I've seen them numbered starting from #1 and up, as well as lettered ranging from A and beyond...Most claiming state that the latter nomenclatures are of a lower standard. 
So where does "0" fall in?


----------



## splattttttt (May 17, 2012)

*Re: ERIK NØRDING Grading Systems...*

And so, upon receiving it, I've had the pleasure of savoring several blends from this pipe. Can't beat the below $50. winning bid.
What I like most about it is the dry clean smoke it delivers. And the stem is quite comfy, though it does get a little hot if packed a bit tight. 
May end up being one of those pipes that I'll dedicate to that one blend that smokes the coolest perhaps. 
So far, the best experience I've had so far has been with aired out rubbed spun rolls and loosely packed.


----------



## steinr1 (Oct 22, 2010)

*Re: ERIK NØRDING Grading Systems...*

Very nice looking pipe! Just the sort of thing I smoke myself.

If the cake hasn't built up much as yet, I'd give the pipe a chance in terms of smoking hot.

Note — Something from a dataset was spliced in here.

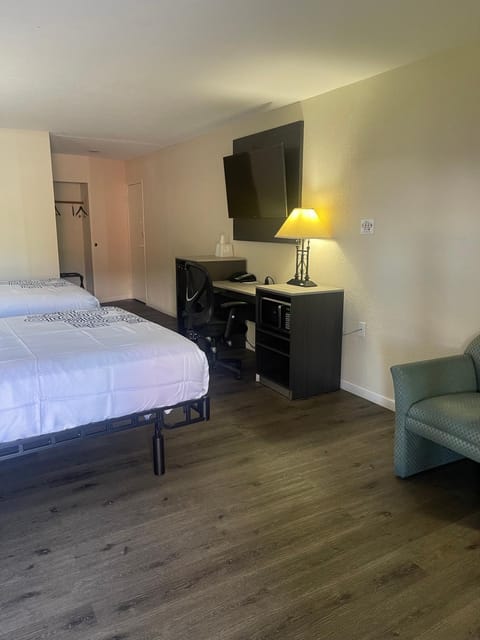 Bourbon Capital Inn Motel in Bardstown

A good layer of cake can transform things (as can getting used to the pipe in general).


----------



## piperdown (Jul 19, 2009)

*Re: ERIK NØRDING Grading Systems...*

Jack, that is one beautiful looking pipe! Congrats on the purchase.


----------



## splattttttt (May 17, 2012)

*Re: ERIK NØRDING Grading Systems...*

Thanks guys. Agreed the cake is missing as the pipe had been reamed down to the bare bone.
First 1/4 smokes superb, than the harshness begins, followd by the heat.
The bowl diameter on it is quite large and this is often a challenge for me.


----------